By the way had a blown head gasket with 48 dodge- never overheated until water ran low then did- added more water drove another 30 miles and pulled the head put on mew gasket and the rest is history.

I would now put in a 180 thermostat ( now drill about a 3/16 ths hole in the side of it to let some water move at all time- just my preference from model A days- Someone invented one for them and I improved it a bit by adding the hole .

I say use the 180 because you will be using that as a minimum in the winter right? besides I think it is better on engine to run it a t 180 rather than 160.

They ran on 180 then why not now-- especially in the chilly north!!

Also what temp gage are u using? original? if so I would not mess it it- unless it comes out easily from the block.

If it does put a new one in -that you have tested on the stove in boiling water against a thermometer in the pot with it. Hook it up and run the car.

And see what develops.

Did you test the radiator fro flow after the boiling?

I would pull the bottom hose at the radiator stuff a rag in there and see what geyser occurs when u remove the rag. Your radiator man said - it made it better but how much?

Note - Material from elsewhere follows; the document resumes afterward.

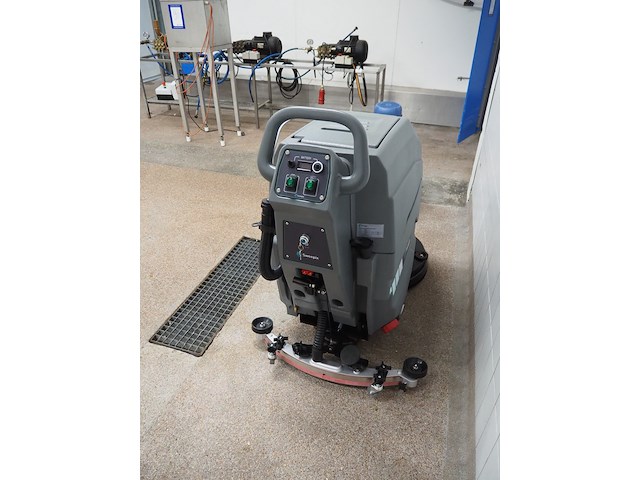 Sweepix - afbeelding 9 van  15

I believe the give away to the problem is the inability to back flush the radiator- a good radiator should gush out either way.

I just happen to have my radiator and front clips off my 48 taxi--So I went and tested it.

1- when back fl using from the top of the lower radiator hose- it attached to the radiator a full flow of hose water results in the water flowing out the top neck -return- of the radiator BUT not getting high enough to flow out the fill hole . Removing the lower hose and stuffing a rag in it and the upper neck - outlet and filling with water to the top of the filler tube then pulling the bottom rag out- my water gushes out to about 3-4 inches high and takes 10 seconds to stop flowing. Now this is the radiator that runs in my taxi and has never overheated even on 100 degree days- so there is a benchmark for all - i just finished the test.So check your flow, put in a accurate temp gage ,if you can ,and not ruin other one, drill 3/16 hole in 180 degree thermostat lip hole install it and see what happens.

No one has asked but the thought occurred to me - Is your car an 8 cylinder or 6? If 8 that might be problem - I would think an 8 cyl would need bigger cooling capacity

Lou

Posted

I thought I read somewhere that the 160 thermostat was for summer and the 180 degree one for winter and/or colder climates.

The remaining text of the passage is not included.